Once indexed, you query semantically: "show me how we handle webhook retries" or "where do we validate user-supplied URLs?" and the agent gets back the relevant snippets without you needing to know the file paths upfront.

Why ~40% token savings is realistic

The 40% saving figure comes from how AI coding agents handle code-discovery without semantic search. Without indexing, the typical pattern is: agent runs grep/find, parses the file list, opens 8-12 files looking for the relevant function, then reads 2-3 of them in full before finding what it actually needed. Each of those reads is context-window tokens you pay for.

With Claude Context's semantic search, the same task collapses to one query that returns the 200 relevant lines directly. On a medium-sized codebase (~100k lines of code) the difference shows up immediately on tasks like "refactor this function across all callers" or "add a feature that touches our auth + billing modules".

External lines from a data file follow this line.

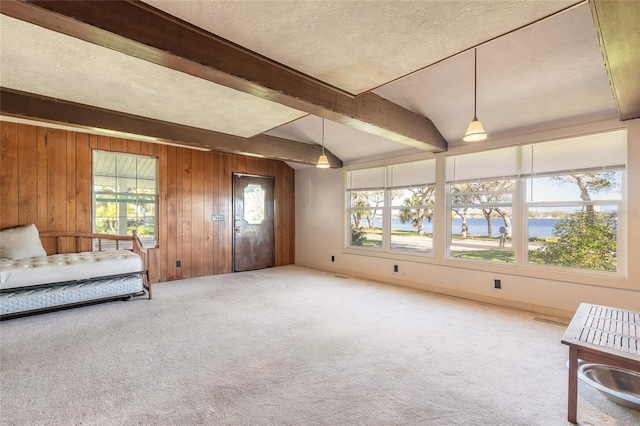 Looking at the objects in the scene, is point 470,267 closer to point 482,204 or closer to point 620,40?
point 482,204

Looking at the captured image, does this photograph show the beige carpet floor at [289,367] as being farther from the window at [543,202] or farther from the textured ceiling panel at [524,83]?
the textured ceiling panel at [524,83]

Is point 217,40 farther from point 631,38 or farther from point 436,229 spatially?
point 436,229

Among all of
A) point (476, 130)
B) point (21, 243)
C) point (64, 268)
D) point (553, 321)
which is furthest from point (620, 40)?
point (21, 243)

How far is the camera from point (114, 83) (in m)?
2.69

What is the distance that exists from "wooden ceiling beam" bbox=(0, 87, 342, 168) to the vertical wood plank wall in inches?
52.6

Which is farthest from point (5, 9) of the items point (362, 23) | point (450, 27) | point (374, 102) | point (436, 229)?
point (436, 229)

For a heavy Claude Code user the cumulative effect over a working month is material - particularly if you're on usage-based pricing rather than a fixed subscription.

Caveats and limitations

Things worth knowing before you commit setup time:

You need a vector database: either pay Zilliz Cloud (free tier is generous for individual codebases; pricing scales with stored vectors) or run Milvus on a server. Not a one-click install if you're allergic to infrastructure.
Embedding API costs aren't free either: indexing a 100k-line codebase costs a few dollars on OpenAI's text-embedding-3-small. Ongoing re-indexing on file changes adds more, though incrementally smaller amounts. Self-hosted Ollama embeddings remove this entirely if you've got the GPU.
Supported file types: covers TypeScript, JavaScript, Python, Java, Go, Rust and several other mainstream languages. Niche file types may need explicit inclusion rules.
Configuration matters: file-inclusion and exclusion rules need tuning for your project. Default settings work but you'll get better retrieval after a pass at the config.

Should you bother?

If you use Claude Code (or any MCP-compatible AI agent) for more than light single-file edits, and you've ever found yourself manually pinning files into context to help the agent navigate, Claude Context is worth the afternoon of setup. The hybrid BM25 + dense-vector retrieval is the right architecture for code search, and the MCP integration means it slots in without disrupting your existing agent workflow.

At 11.8k GitHub stars and 28 releases tagged, this is one of the more mature MCP plugins in the ecosystem - well past the experimental stage. The Zilliz team has clear commercial interest in keeping it polished (it drives adoption of their vector database), which usually means longer-term maintenance commitment than hobbyist projects.

For local-AI / self-hosting folks specifically: the Ollama embedding support plus self-hosted Milvus means you can run the whole stack without any data leaving your network. That's the configuration that matters most for anyone using AI agents on private codebases or regulated data.